═══ DATA SECTION

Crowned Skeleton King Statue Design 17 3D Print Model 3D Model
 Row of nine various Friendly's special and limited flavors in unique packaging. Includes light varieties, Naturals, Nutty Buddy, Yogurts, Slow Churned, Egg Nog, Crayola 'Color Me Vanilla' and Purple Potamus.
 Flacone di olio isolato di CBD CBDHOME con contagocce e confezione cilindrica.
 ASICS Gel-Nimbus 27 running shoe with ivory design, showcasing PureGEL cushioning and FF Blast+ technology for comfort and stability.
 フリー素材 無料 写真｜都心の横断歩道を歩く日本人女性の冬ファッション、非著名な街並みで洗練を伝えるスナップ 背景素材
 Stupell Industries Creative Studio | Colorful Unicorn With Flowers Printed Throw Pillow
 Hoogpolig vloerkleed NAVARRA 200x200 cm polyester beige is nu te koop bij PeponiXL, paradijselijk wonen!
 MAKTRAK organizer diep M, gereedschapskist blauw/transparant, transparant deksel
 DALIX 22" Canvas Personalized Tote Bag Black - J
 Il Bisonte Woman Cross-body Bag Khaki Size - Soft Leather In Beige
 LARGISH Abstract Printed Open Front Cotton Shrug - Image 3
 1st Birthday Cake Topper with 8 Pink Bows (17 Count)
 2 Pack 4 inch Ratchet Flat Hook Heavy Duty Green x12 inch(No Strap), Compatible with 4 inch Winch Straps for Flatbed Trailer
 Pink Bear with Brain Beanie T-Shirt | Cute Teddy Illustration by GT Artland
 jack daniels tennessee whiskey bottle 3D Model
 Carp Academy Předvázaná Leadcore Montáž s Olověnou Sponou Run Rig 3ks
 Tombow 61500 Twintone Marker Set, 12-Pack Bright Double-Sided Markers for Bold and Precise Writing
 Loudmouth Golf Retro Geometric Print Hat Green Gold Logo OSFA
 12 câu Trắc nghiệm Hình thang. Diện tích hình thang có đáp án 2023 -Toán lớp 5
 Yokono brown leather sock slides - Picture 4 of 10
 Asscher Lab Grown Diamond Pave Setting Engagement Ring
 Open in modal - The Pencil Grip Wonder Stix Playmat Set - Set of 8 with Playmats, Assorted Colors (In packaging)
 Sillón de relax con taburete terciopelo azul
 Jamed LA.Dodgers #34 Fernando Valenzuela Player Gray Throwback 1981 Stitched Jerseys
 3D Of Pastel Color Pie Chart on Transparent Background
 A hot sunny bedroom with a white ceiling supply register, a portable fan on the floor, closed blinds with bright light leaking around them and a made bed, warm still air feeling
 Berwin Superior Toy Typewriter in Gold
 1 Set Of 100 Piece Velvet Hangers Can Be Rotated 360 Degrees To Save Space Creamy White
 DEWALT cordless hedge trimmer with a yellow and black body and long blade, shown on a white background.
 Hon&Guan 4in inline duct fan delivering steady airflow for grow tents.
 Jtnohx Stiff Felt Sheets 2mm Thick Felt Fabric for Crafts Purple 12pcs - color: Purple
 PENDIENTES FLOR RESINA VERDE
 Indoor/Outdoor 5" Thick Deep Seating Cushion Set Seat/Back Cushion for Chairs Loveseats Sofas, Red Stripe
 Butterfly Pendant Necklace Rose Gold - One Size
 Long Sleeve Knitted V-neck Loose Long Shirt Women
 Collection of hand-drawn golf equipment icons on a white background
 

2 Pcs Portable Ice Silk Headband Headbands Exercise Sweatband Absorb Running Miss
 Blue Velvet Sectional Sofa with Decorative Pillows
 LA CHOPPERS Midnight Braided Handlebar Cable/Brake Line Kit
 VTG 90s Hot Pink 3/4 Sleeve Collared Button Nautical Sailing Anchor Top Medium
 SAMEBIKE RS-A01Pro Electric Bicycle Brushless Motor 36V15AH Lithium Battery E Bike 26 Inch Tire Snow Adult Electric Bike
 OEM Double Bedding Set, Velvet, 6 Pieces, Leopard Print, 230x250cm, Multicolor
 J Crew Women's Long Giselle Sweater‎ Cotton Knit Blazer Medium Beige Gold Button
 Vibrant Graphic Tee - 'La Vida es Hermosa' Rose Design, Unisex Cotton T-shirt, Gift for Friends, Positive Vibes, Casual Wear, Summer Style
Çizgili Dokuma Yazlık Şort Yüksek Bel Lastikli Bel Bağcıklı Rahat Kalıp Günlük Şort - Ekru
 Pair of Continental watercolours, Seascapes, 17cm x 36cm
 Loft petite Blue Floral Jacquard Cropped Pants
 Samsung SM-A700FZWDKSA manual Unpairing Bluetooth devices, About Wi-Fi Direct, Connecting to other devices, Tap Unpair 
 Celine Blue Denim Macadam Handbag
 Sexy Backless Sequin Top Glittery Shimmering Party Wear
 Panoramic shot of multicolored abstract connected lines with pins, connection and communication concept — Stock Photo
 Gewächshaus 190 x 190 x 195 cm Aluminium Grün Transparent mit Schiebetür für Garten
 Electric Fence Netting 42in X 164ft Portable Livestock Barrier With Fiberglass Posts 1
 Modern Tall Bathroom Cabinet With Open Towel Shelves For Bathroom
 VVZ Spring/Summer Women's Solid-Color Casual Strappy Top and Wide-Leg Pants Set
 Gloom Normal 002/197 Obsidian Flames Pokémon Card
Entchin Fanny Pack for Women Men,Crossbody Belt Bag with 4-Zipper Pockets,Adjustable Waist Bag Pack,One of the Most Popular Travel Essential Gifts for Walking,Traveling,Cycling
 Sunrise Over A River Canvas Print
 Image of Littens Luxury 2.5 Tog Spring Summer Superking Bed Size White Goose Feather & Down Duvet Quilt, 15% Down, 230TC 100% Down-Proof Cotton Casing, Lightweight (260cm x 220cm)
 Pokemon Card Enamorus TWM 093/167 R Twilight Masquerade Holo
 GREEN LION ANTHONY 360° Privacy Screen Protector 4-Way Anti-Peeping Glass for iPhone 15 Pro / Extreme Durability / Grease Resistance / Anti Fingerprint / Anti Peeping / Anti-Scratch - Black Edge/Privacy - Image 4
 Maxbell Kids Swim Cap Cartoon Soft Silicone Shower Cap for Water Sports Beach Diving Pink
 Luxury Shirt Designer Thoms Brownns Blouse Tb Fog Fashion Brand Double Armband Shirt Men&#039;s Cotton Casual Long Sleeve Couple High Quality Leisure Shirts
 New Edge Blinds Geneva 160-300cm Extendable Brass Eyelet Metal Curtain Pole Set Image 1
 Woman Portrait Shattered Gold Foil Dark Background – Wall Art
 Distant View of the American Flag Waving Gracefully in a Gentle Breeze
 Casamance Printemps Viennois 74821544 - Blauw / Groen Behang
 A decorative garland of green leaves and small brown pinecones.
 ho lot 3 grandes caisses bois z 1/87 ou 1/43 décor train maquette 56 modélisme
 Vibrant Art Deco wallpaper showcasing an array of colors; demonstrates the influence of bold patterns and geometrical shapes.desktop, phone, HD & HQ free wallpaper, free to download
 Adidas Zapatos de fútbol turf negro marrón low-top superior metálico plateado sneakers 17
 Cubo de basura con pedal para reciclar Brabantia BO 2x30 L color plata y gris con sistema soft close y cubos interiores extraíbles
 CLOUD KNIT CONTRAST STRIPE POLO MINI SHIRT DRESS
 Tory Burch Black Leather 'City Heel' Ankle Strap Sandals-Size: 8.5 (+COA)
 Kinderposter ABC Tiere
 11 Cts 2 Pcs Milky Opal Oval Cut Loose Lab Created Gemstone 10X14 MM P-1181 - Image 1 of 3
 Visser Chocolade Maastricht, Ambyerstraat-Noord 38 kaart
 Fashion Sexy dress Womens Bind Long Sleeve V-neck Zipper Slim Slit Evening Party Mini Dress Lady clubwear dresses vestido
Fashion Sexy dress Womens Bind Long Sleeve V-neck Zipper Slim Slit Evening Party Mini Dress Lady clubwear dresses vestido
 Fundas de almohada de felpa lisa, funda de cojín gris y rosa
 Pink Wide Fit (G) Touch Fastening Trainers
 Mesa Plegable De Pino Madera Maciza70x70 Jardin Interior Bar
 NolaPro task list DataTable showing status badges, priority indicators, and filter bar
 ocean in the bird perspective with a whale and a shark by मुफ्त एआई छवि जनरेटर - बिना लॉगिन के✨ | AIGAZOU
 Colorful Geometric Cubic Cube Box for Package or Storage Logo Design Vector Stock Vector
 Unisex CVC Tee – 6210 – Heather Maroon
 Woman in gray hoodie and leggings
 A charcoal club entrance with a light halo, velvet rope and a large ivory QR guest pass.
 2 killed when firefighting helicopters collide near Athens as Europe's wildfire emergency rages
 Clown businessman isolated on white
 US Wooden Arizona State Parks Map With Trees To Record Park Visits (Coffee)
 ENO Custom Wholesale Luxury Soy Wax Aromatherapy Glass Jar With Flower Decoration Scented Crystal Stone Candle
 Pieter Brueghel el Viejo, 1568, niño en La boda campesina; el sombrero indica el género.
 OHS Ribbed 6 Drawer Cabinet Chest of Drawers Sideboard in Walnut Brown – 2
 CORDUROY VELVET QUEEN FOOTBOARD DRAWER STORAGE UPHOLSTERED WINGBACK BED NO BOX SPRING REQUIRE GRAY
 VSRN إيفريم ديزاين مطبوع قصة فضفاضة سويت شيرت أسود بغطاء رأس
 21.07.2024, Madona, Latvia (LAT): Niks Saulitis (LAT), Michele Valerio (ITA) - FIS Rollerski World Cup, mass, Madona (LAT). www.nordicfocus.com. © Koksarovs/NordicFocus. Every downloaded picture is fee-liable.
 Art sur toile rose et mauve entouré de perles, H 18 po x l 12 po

══════

> INSTRUCTIONS FOR THE TASK
Transcribe the lines above between the line holding "jack daniels tennessee" and the line holding "12 câu Trắc", inclusive, exactly as they stand and with nothing added.

> EXERCISE RESPONSE
 jack daniels tennessee whiskey bottle 3D Model
 Carp Academy Předvázaná Leadcore Montáž s Olověnou Sponou Run Rig 3ks
 Tombow 61500 Twintone Marker Set, 12-Pack Bright Double-Sided Markers for Bold and Precise Writing
 Loudmouth Golf Retro Geometric Print Hat Green Gold Logo OSFA
 12 câu Trắc nghiệm Hình thang. Diện tích hình thang có đáp án 2023 -Toán lớp 5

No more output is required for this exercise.